Work item: The entries should be restated word for word.

·····

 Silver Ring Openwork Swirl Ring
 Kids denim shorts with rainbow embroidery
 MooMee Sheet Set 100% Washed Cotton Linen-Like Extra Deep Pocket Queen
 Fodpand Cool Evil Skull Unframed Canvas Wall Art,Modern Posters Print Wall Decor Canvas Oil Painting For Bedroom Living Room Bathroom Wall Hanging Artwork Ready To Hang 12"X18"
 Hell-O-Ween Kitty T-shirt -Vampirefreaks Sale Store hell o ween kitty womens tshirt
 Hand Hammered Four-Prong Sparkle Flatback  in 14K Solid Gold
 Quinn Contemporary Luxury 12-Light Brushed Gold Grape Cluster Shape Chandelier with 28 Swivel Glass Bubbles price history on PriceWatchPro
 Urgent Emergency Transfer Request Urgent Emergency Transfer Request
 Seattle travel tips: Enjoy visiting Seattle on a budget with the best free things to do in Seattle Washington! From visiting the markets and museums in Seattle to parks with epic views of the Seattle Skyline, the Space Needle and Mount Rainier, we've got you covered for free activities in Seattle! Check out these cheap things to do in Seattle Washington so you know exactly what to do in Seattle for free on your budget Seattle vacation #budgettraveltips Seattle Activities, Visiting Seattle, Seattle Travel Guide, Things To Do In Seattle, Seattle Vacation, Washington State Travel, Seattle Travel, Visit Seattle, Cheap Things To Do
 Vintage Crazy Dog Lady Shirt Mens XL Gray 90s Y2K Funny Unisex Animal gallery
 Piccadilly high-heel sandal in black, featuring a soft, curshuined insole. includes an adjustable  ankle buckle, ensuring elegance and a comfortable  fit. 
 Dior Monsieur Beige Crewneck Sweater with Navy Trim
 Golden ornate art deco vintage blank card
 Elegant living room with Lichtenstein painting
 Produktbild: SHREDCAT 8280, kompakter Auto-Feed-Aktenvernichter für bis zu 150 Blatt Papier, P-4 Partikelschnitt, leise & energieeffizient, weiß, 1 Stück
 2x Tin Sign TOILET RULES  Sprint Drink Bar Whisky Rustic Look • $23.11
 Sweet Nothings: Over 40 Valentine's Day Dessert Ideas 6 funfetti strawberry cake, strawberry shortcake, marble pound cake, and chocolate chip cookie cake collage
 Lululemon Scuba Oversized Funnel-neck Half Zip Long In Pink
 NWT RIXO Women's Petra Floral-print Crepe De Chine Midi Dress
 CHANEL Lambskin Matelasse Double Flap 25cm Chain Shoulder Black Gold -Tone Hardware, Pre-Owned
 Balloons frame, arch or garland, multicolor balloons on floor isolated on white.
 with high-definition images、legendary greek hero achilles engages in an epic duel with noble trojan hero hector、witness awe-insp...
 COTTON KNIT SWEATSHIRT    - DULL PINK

·····

Solution to this exercise:
 Silver Ring Openwork Swirl Ring
 Kids denim shorts with rainbow embroidery
 MooMee Sheet Set 100% Washed Cotton Linen-Like Extra Deep Pocket Queen
 Fodpand Cool Evil Skull Unframed Canvas Wall Art,Modern Posters Print Wall Decor Canvas Oil Painting For Bedroom Living Room Bathroom Wall Hanging Artwork Ready To Hang 12"X18"
 Hell-O-Ween Kitty T-shirt -Vampirefreaks Sale Store hell o ween kitty womens tshirt
 Hand Hammered Four-Prong Sparkle Flatback  in 14K Solid Gold
 Quinn Contemporary Luxury 12-Light Brushed Gold Grape Cluster Shape Chandelier with 28 Swivel Glass Bubbles price history on PriceWatchPro
 Urgent Emergency Transfer Request Urgent Emergency Transfer Request
 Seattle travel tips: Enjoy visiting Seattle on a budget with the best free things to do in Seattle Washington! From visiting the markets and museums in Seattle to parks with epic views of the Seattle Skyline, the Space Needle and Mount Rainier, we've got you covered for free activities in Seattle! Check out these cheap things to do in Seattle Washington so you know exactly what to do in Seattle for free on your budget Seattle vacation #budgettraveltips Seattle Activities, Visiting Seattle, Seattle Travel Guide, Things To Do In Seattle, Seattle Vacation, Washington State Travel, Seattle Travel, Visit Seattle, Cheap Things To Do
 Vintage Crazy Dog Lady Shirt Mens XL Gray 90s Y2K Funny Unisex Animal gallery
 Piccadilly high-heel sandal in black, featuring a soft, curshuined insole. includes an adjustable  ankle buckle, ensuring elegance and a comfortable  fit. 
 Dior Monsieur Beige Crewneck Sweater with Navy Trim
 Golden ornate art deco vintage blank card
 Elegant living room with Lichtenstein painting
 Produktbild: SHREDCAT 8280, kompakter Auto-Feed-Aktenvernichter für bis zu 150 Blatt Papier, P-4 Partikelschnitt, leise & energieeffizient, weiß, 1 Stück
 2x Tin Sign TOILET RULES  Sprint Drink Bar Whisky Rustic Look • $23.11
 Sweet Nothings: Over 40 Valentine's Day Dessert Ideas 6 funfetti strawberry cake, strawberry shortcake, marble pound cake, and chocolate chip cookie cake collage
 Lululemon Scuba Oversized Funnel-neck Half Zip Long In Pink
 NWT RIXO Women's Petra Floral-print Crepe De Chine Midi Dress
 CHANEL Lambskin Matelasse Double Flap 25cm Chain Shoulder Black Gold -Tone Hardware, Pre-Owned
 Balloons frame, arch or garland, multicolor balloons on floor isolated on white.
 with high-definition images、legendary greek hero achilles engages in an epic duel with noble trojan hero hector、witness awe-insp...
 COTTON KNIT SWEATSHIRT    - DULL PINK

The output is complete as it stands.